A 32-year-old man was arrested during a night-time anti-terror operation in the Ruhr area because he is said to have procured the toxins cyanide and ricin for an Islamist-motivated attack. At least when the Iranian’s apartment was searched in Castrop-Rauxel on Sunday night, no toxins were found, according to a spokesman for the Düsseldorf public prosecutor’s office. The investigators did not initially answer whether he had actually come across poison and whether it was stored elsewhere.

Before the deployment, there was a tip from a US security agency, a spokesman for the Düsseldorf public prosecutor told the German Press Agency. They got the information about the 32-year-old on Saturday and came to the conclusion that a search warrant had to be obtained and executed immediately.

It was initially unclear how concretely the possible attack plans had progressed and what a possible target would have been. That is still the subject of the investigation, said the spokesman for the Attorney General’s Office. The 32-year-old Iranian is suspected of preparing a serious act of violence that is dangerous to the state.

As the dpa learned from security circles, it is suspected that he is a supporter of a Sunni Islamist terrorist group. He is said not to have acted on behalf of Iranian state authorities. The latter was also confirmed by the spokesman for the Düsseldorf public prosecutor’s office.

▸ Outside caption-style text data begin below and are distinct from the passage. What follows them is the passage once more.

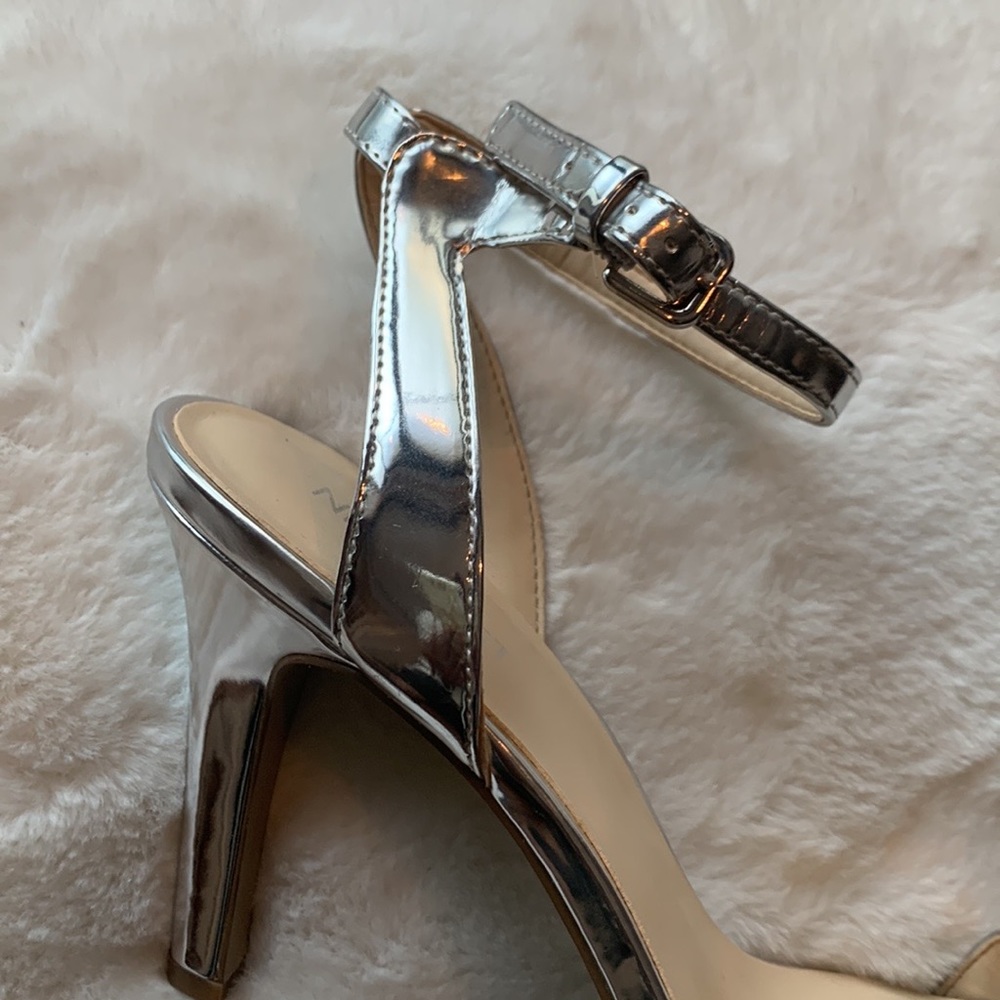 Silver Heels - image 4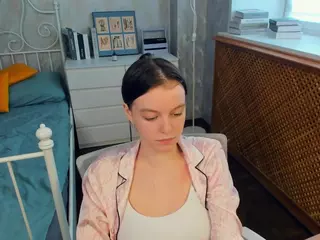 HenriettaCrull's Live Sex Cam Show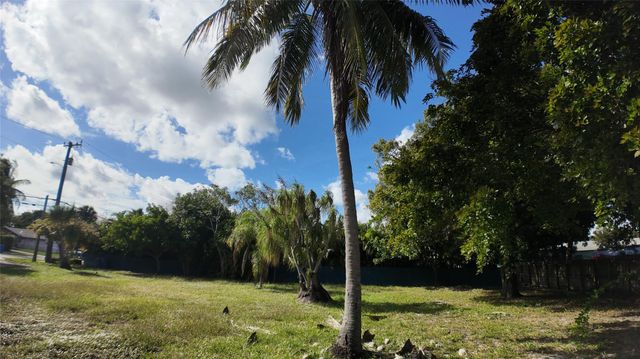 937 NE 34th Ct, Oakland Park, FL 33334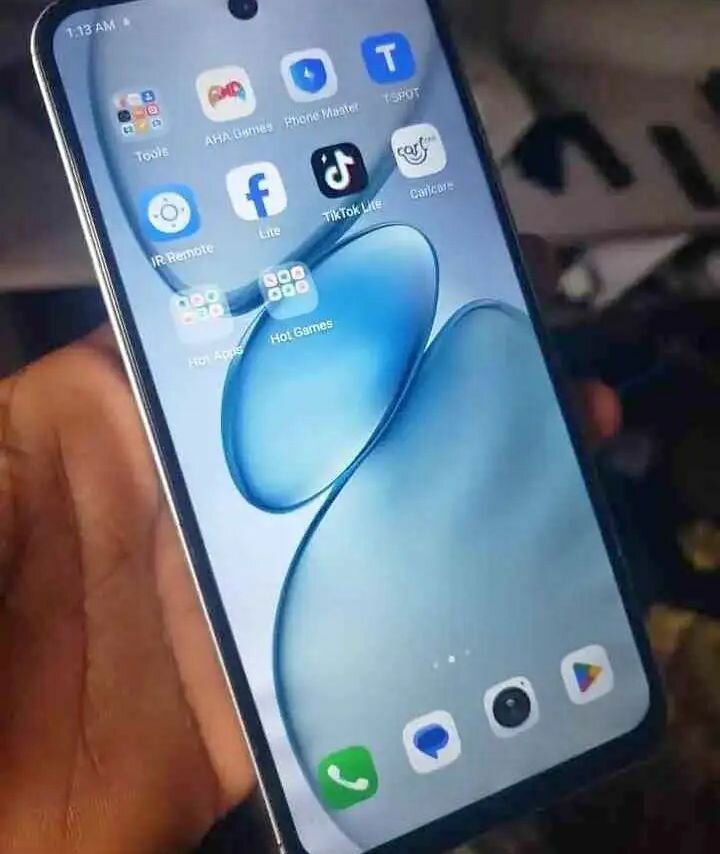 Smartphone TECNO moderne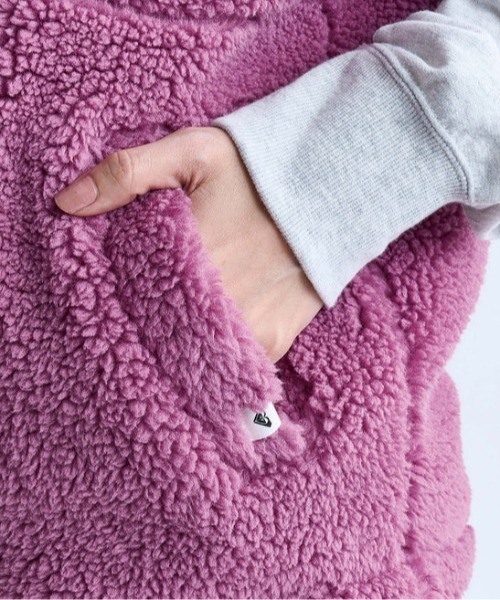 ROXY（ロキシー）の「BETTER THAN THE SUN/ロキシーモコモコボアベスト（ベスト・レディース・ピンク/ホワイト/ブラック/チャコールグレー/カモフラージュ・LARGE/MEDIUM/SMALL/X-LARGE）」の21枚目の写真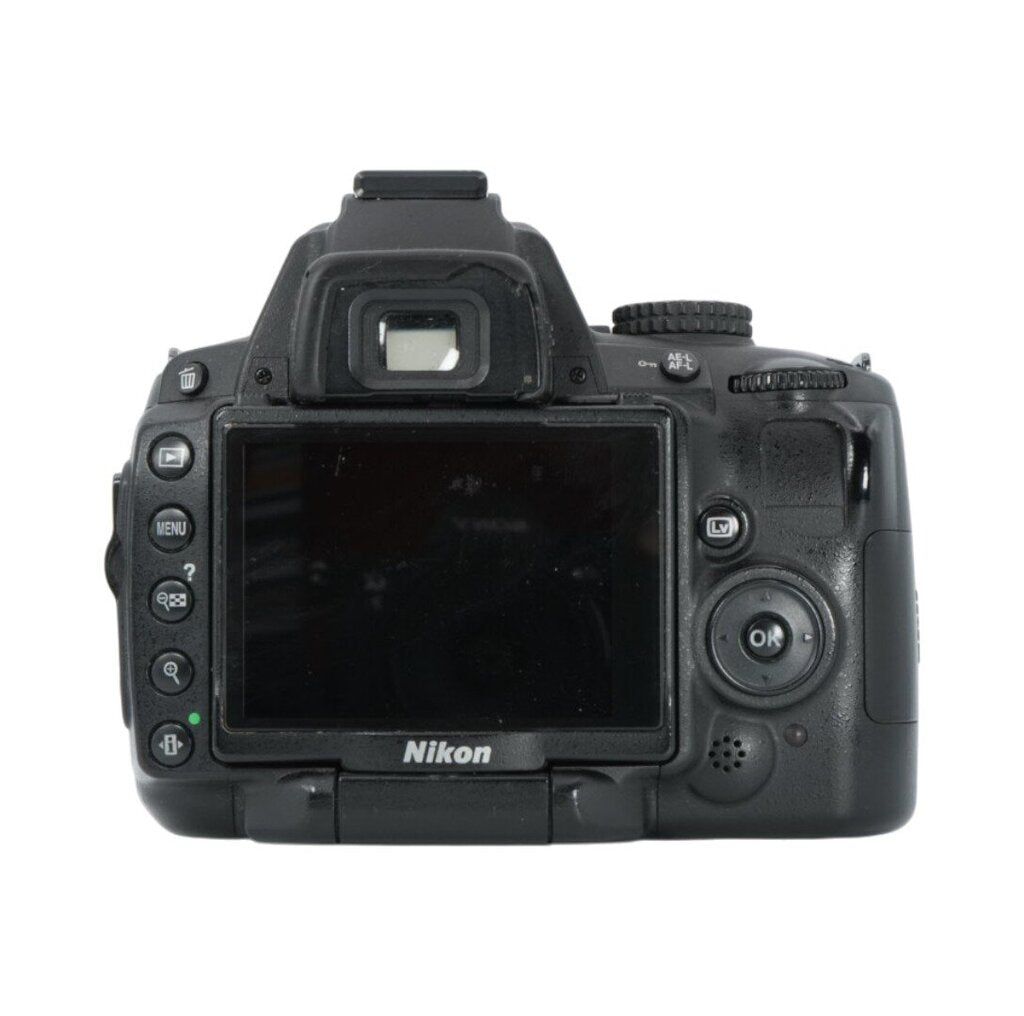 Nikon D5000 APS-C DSLR Camera with Nikon Nikkor AF-S DX 18-55mm f/3.5-5.6 G and Nikon Af-S Nikkor 55-200mm f/1.4-5.6 G ED VR Lenes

RKI employees involved in the operation

Anti-terror investigators searched the 32-year-old’s apartment on Sunday night and arrested him. It was initially unclear whether and when the man should be brought before a magistrate. “We had a serious tip that prompted the police to intervene that night,” said North Rhine-Westphalia’s Interior Minister Herbert Reul (CDU). According to the spokesman for the Attorney General, the reference to the 32-year-old came from an authority in a “friendly state”. The “image” had initially reported on this.

The investigators struck around midnight. The scene was cordoned off over a wide area. Police, fire brigade and rescue workers were on site with a large contingent. Many emergency services wore protective suits. Evidence was brought in blue barrels to a decontamination point set up by the fire department, a dpa reporter reported.

According to a report by “Bild”, employees of the Robert Koch Institute (RKI) were also on site as consultants because of the biological and chemical dangers for the emergency services. Several employees of the Federal Criminal Police Office (BKA) and a defuse commando were also deployed. The investigators secured evidence such as electronic storage media. These would now have to be evaluated, said the spokesman for the Attorney General’s Office.

The brother of the 32-year-old, who happened to be in the apartment when the police attacked, was also arrested during the operation. As the dpa learned from security circles, this was known to the police beforehand, but for reasons unrelated to Islamist terror. It is not yet clear whether he was privy to the alleged attack plans. The men are said to have both been in Germany since 2015. When they were arrested, they were only scantily clad and led across the street into an emergency vehicle, eyewitnesses reported. Neither of them resisted.

Tips from foreign intelligence

According to the RKI, the highly toxic ricin is listed under “biological weapons” in the war weapons list. Cyanide is also highly toxic, even the smallest amounts are fatal to humans. Four years ago, investigations in Cologne showed just how dangerous ricin is: in a 15-story building in the high-rise district of Chorweiler, a Tunisian and his German wife produced the chemical and set off test explosions. A foreign secret service became suspicious and gave a tip. Both were sentenced to long prison terms. An expert report showed that, purely arithmetically, 13,500 people could have died from the amount of poison. With the planned spread by a cluster bomb spiked with steel balls, it would have killed around 200 people.